__DIRECTIONS__.
Until the line containing "Chemistry Element Math" has been reproduced, keep reproducing each line of the material below exactly, starting with the first.

__SOURCE MATERIAL__.
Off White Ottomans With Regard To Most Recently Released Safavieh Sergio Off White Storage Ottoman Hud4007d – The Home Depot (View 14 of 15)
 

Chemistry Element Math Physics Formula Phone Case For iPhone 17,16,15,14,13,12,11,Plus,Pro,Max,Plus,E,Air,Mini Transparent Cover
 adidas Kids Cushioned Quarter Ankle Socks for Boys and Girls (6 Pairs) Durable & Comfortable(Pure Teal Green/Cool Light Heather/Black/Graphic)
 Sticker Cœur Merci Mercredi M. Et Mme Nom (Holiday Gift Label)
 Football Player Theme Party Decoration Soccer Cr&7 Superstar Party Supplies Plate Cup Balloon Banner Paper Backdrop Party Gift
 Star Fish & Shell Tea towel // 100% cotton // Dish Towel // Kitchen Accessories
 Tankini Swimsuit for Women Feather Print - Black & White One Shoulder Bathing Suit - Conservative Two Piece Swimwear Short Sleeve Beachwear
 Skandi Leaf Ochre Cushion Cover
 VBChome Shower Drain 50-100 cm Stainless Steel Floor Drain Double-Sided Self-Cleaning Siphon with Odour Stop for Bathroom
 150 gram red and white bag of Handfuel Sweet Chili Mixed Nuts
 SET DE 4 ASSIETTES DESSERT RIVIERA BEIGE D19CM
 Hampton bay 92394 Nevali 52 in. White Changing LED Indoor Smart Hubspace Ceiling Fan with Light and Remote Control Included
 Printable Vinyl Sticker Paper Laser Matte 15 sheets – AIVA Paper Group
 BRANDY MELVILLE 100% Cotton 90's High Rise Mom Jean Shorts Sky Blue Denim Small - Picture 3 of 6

__ANSWER BOX__.
Off White Ottomans With Regard To Most Recently Released Safavieh Sergio Off White Storage Ottoman Hud4007d – The Home Depot (View 14 of 15)
 

Chemistry Element Math Physics Formula Phone Case For iPhone 17,16,15,14,13,12,11,Plus,Pro,Max,Plus,E,Air,Mini Transparent Cover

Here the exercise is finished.